Writ of Error from Criminal Court of Cook county; the Hon.
THADDEUS ADESKO, Judge, presiding. Affirmed.
PRESIDING JUSTICE KILEY DELIVERED THE OPINION OF THE COURT.
A writ of error was sued out of this court to review an order of the Criminal Court of Cook county revoking the probation of Kostaken and sentencing him to the penitentiary.
On January 27, 1950, Kostaken pleaded guilty to an indictment charging him with the crime of armed robbery. The same day he was admitted to probation for a period of five years. Subsequently, a warrant for violation of probation was issued against him, and thereafter, he was indicted for robbery of Guiseppi Bassi. The court refused Kostaken's demand for trial under the indictment and proceeded with the hearing for violation of probation. Upon an oral rule to show cause, the probation was revoked and later a motion to vacate the revocation order was denied after a further hearing. The indictment for the robbery of Bassi was subsequently dismissed.
Kostaken contends that his constitutional rights have been denied him in that he was deprived of his right to a speedy trial; that he was placed in double jeopardy; that he was not informed of the nature of the charge against him; and that he was deprived of his right to a trial by jury. We believe that there is no merit in any of these contentions.
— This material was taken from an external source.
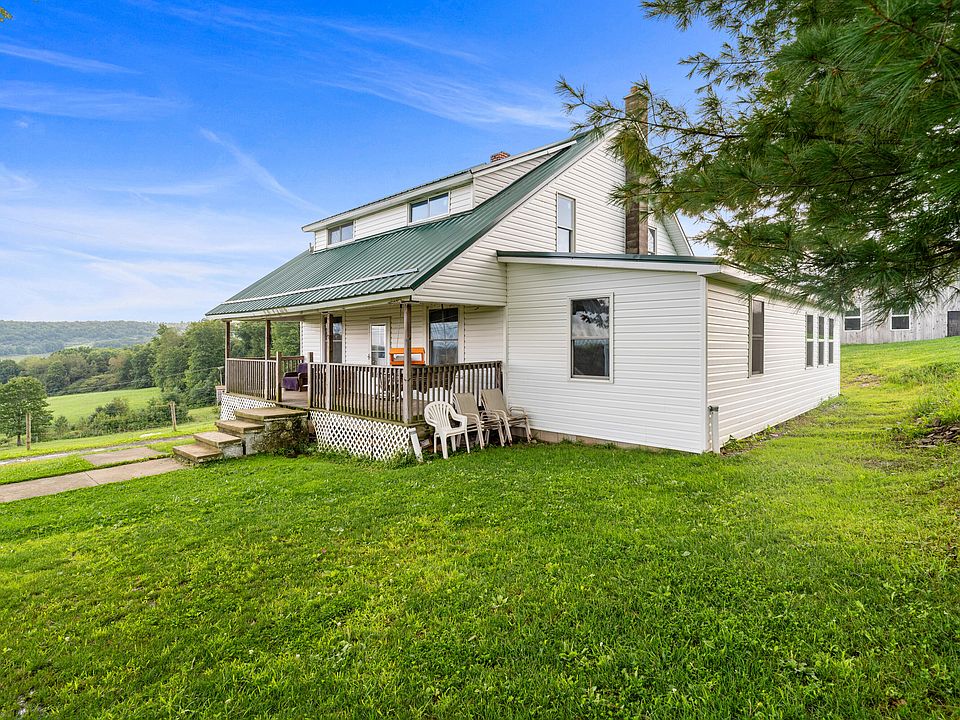 1st image of 446 Woods Rd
There is no express provision in the Probation Act for a hearing or a method of procedure. People v. Burrell, 334 Ill. App. 253, 257; Ill. Rev. Stat., Chap. 38, Par. 789. Kostaken was arrested on January 9, 1953 and charged with robbery of Bassi. On January 15, 1953, a warrant for violation of probation was issued, and on January 30, 1953, Kostaken was released on bail. On June 15, 1954, a hearing was commenced on the warrant for violation of probation. Though the time between the warrant and the hearing is approximately seventeen months, we do not believe that this violated Kostaken's constitutional rights.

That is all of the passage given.